## Provided data
--
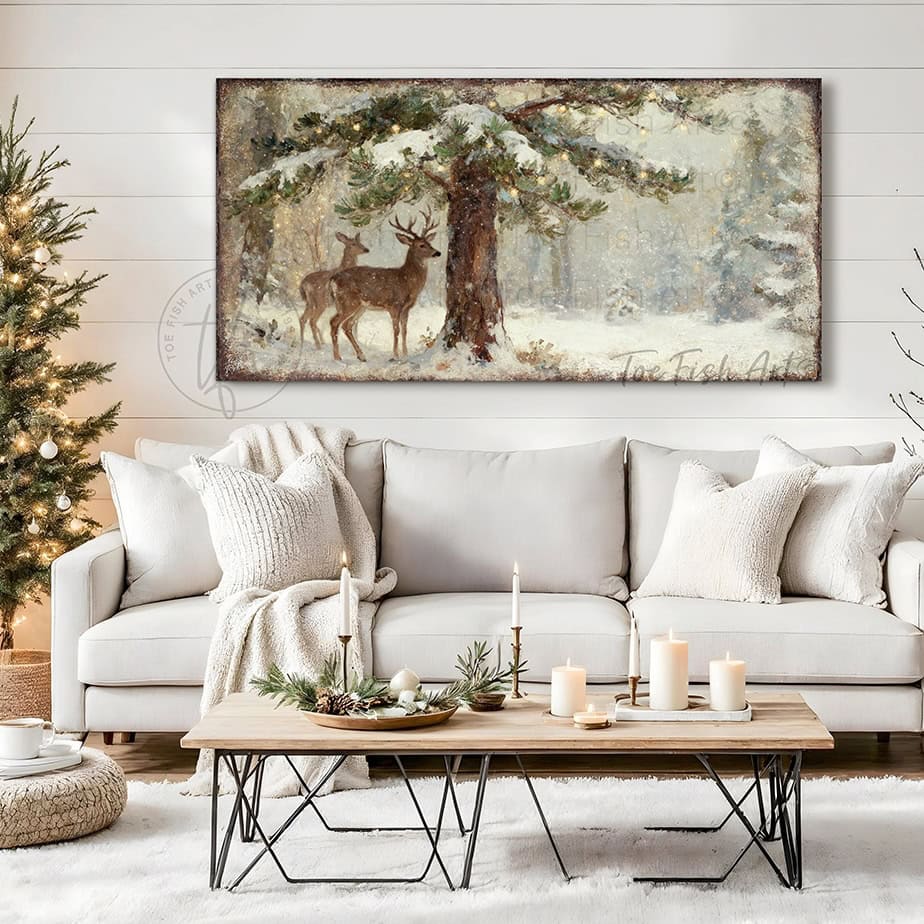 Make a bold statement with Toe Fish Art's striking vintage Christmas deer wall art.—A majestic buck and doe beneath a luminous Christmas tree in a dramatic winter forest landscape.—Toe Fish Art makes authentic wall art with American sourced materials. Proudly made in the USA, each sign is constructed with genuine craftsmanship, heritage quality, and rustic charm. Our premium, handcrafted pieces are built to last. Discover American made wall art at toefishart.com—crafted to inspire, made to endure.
--
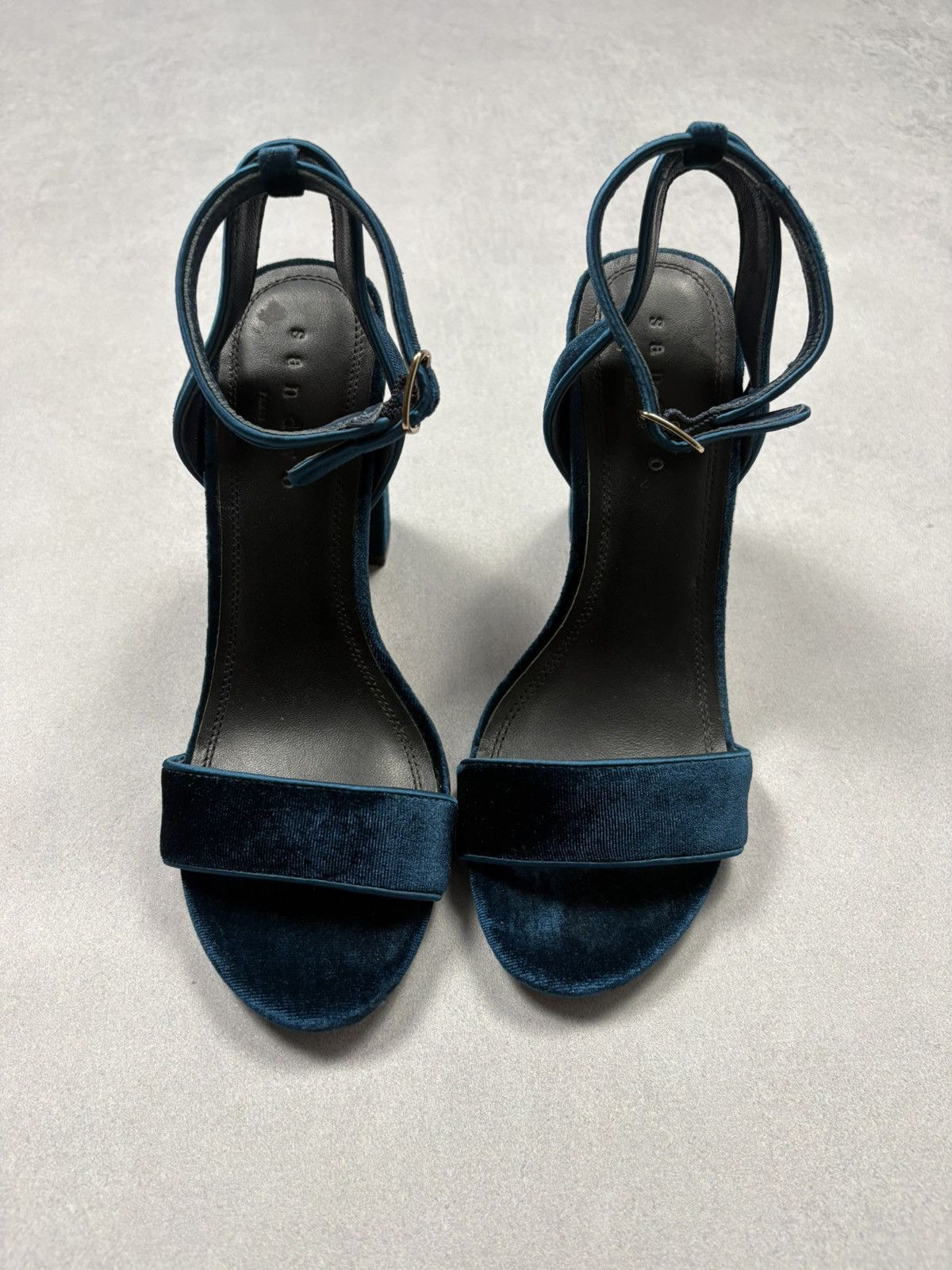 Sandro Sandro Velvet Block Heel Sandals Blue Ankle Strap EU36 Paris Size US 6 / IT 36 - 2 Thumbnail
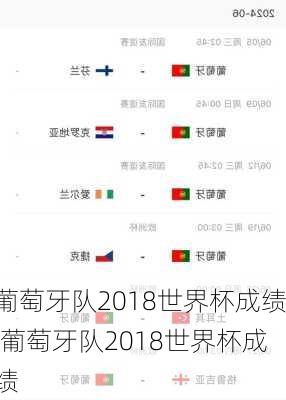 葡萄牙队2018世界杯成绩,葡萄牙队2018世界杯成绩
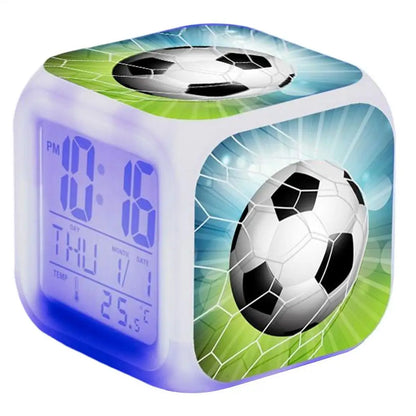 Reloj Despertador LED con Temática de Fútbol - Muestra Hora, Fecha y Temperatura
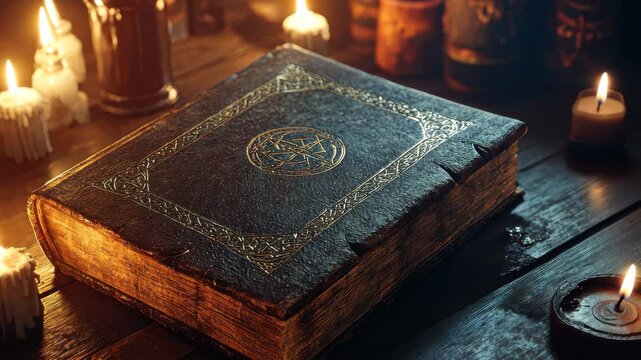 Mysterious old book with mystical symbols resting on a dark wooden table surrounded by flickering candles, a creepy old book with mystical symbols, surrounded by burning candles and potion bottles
--
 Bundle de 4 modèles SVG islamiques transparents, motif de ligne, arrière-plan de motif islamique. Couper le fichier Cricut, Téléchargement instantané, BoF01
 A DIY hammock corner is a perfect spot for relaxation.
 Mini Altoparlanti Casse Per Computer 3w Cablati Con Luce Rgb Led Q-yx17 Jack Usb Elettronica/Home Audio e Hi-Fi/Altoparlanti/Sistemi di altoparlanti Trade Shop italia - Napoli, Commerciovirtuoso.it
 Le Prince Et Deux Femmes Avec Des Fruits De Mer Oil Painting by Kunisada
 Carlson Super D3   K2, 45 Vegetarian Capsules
--
## Task details
After locating the line holding "Le Prince Et" above, output exactly that line and every line after it through the line holding "Carlson Super D3". Include nothing else.

## Answer space
 Le Prince Et Deux Femmes Avec Des Fruits De Mer Oil Painting by Kunisada
 Carlson Super D3   K2, 45 Vegetarian Capsules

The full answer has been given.